• WHAT YOU NEED TO DO
Going through the material below, output exactly the lines from the one containing "Mint Velvet White" through the one containing "Happy Forest Dog", and no pictures.

** Opening RECORD SET block **

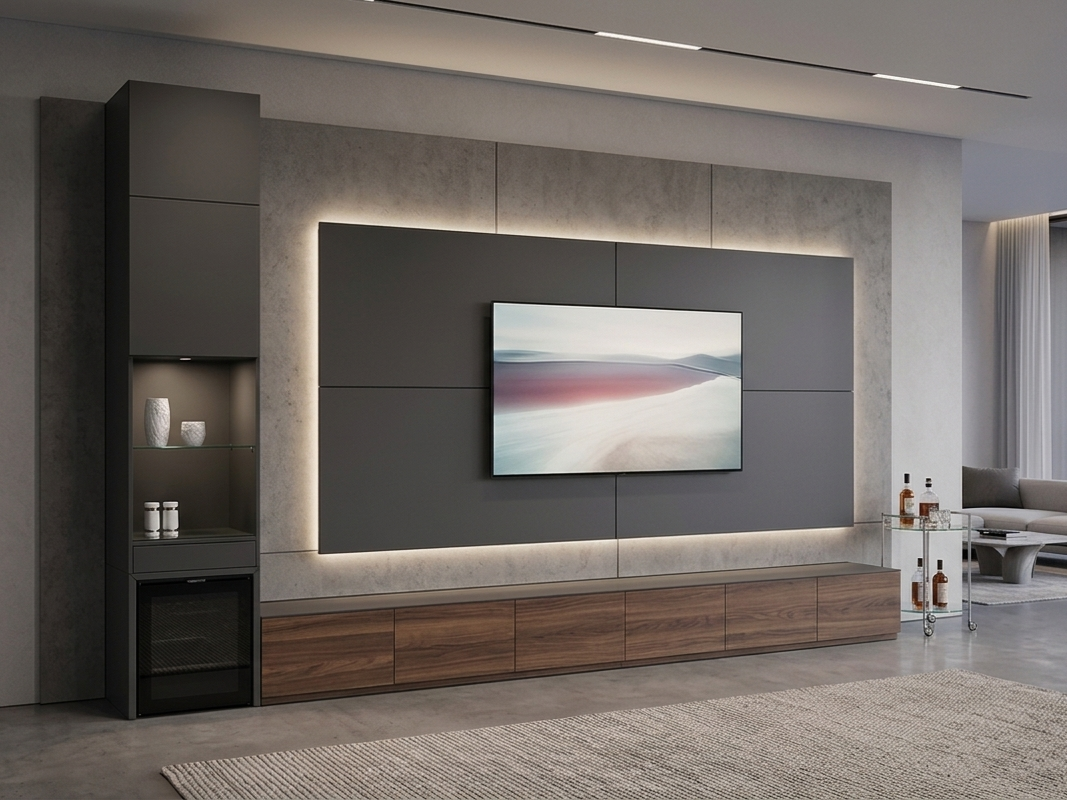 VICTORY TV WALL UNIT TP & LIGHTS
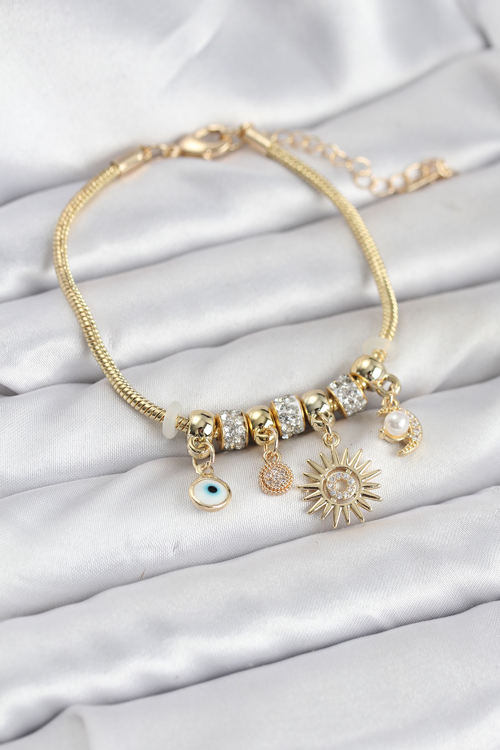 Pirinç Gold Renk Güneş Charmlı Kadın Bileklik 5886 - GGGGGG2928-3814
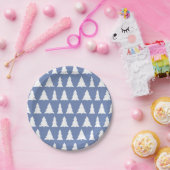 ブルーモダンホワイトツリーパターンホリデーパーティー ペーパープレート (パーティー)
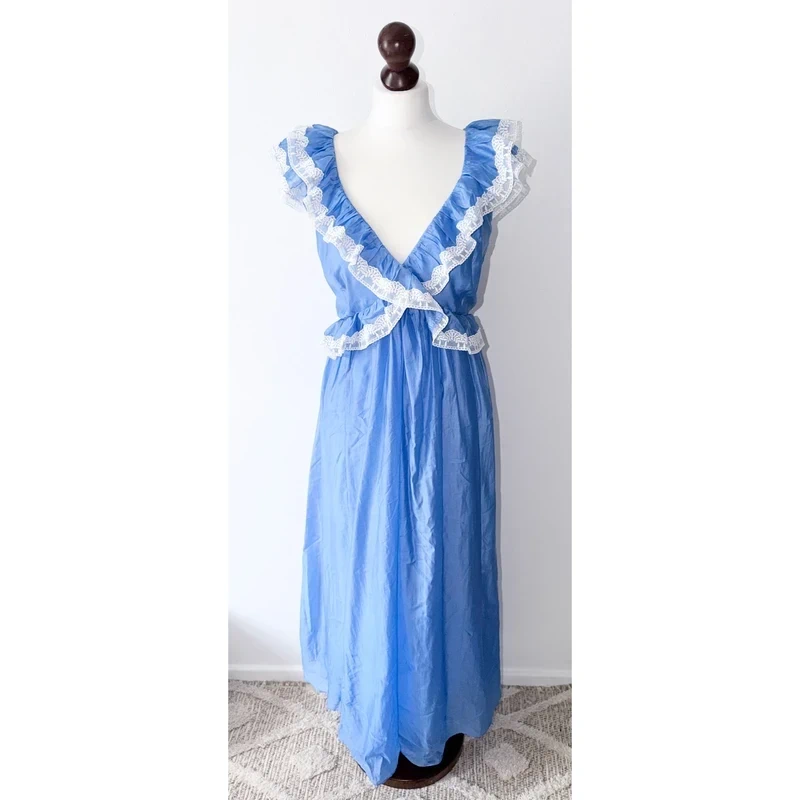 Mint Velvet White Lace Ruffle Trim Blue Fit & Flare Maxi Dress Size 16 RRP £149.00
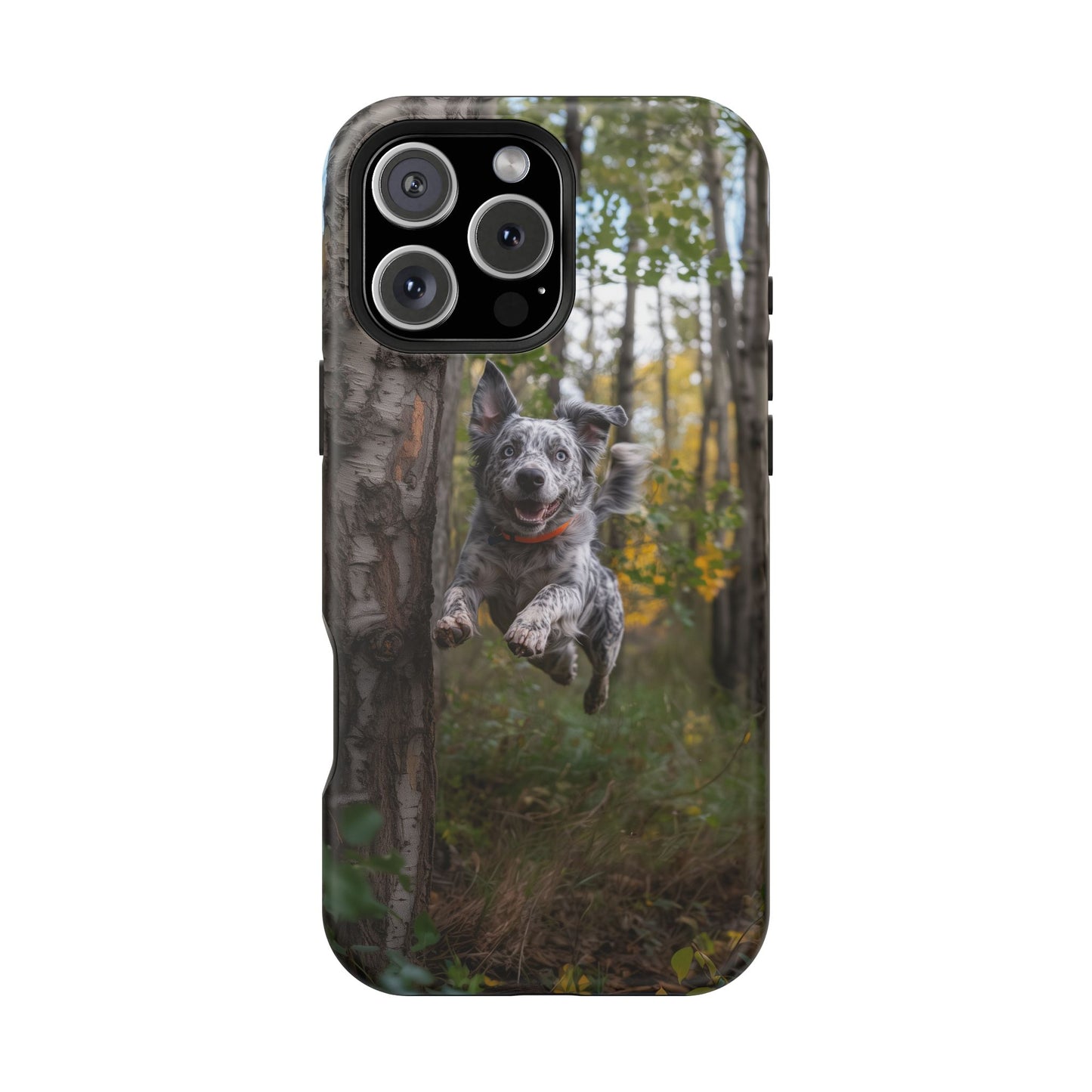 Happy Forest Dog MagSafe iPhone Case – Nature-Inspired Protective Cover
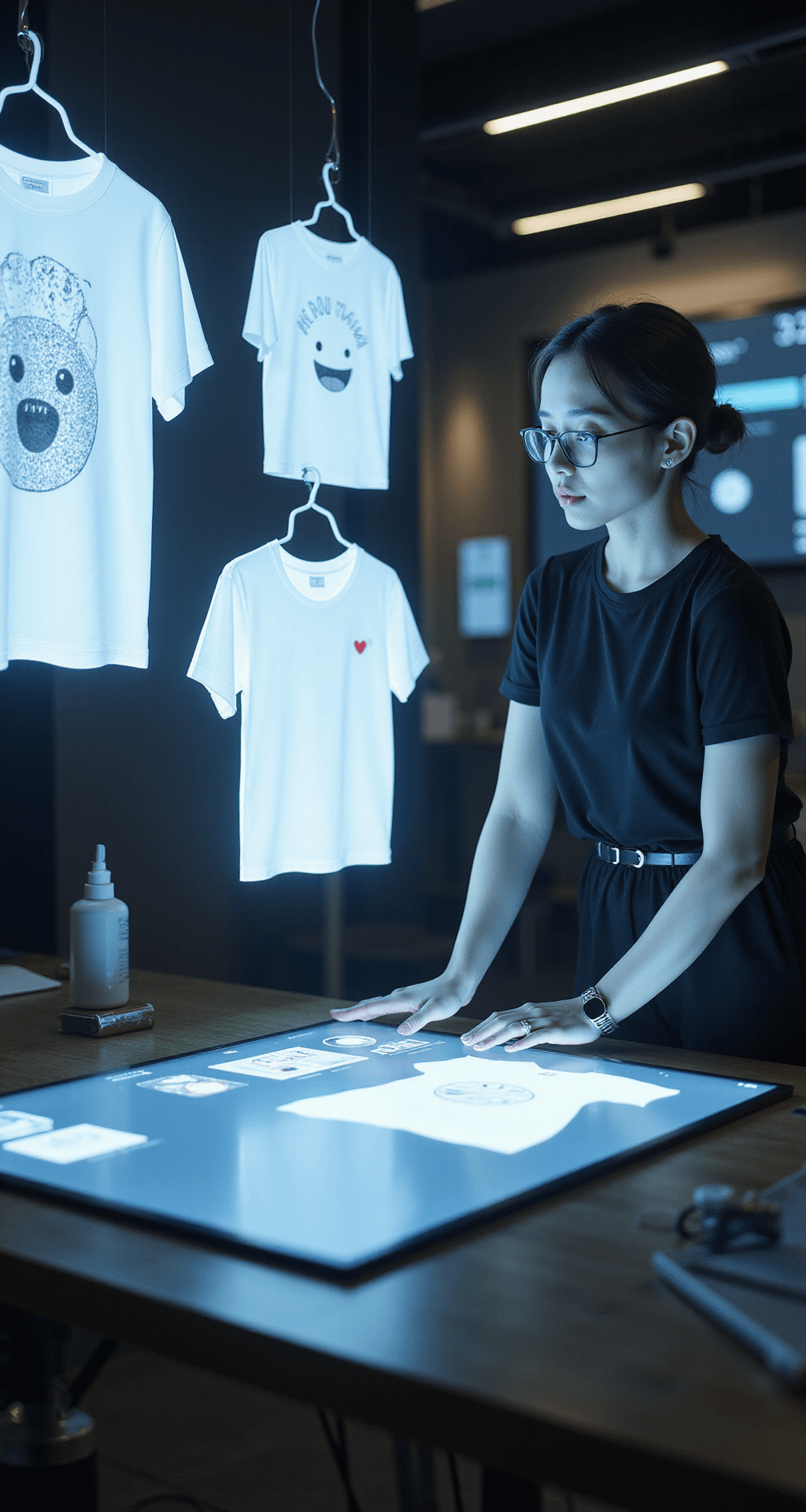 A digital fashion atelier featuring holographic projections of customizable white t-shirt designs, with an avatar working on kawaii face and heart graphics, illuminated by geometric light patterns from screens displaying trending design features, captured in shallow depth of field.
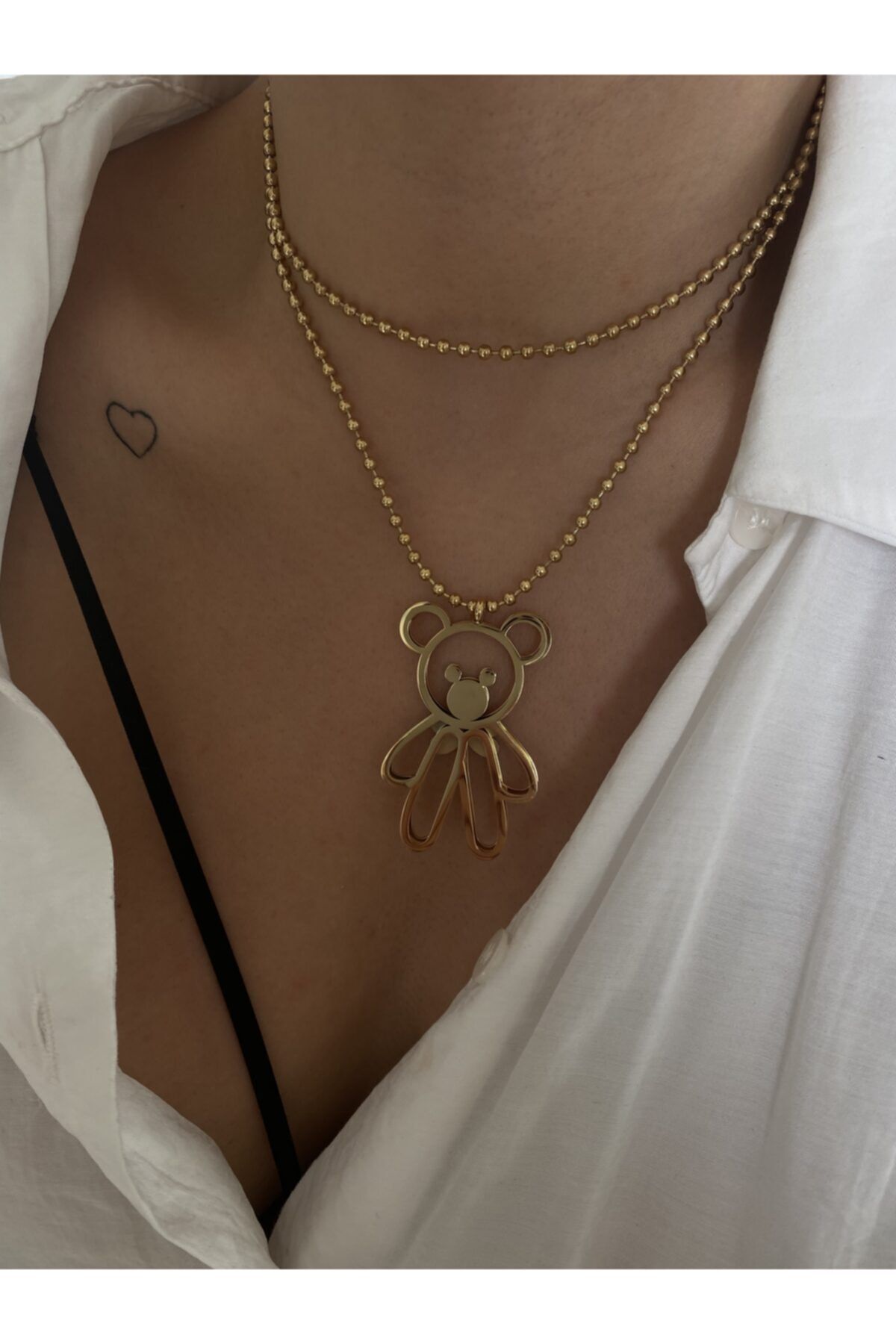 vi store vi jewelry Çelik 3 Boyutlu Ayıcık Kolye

** Closing RECORD SET block **

• WORKED SOLUTION
 Mint Velvet White Lace Ruffle Trim Blue Fit & Flare Maxi Dress Size 16 RRP £149.00
 Happy Forest Dog MagSafe iPhone Case – Nature-Inspired Protective Cover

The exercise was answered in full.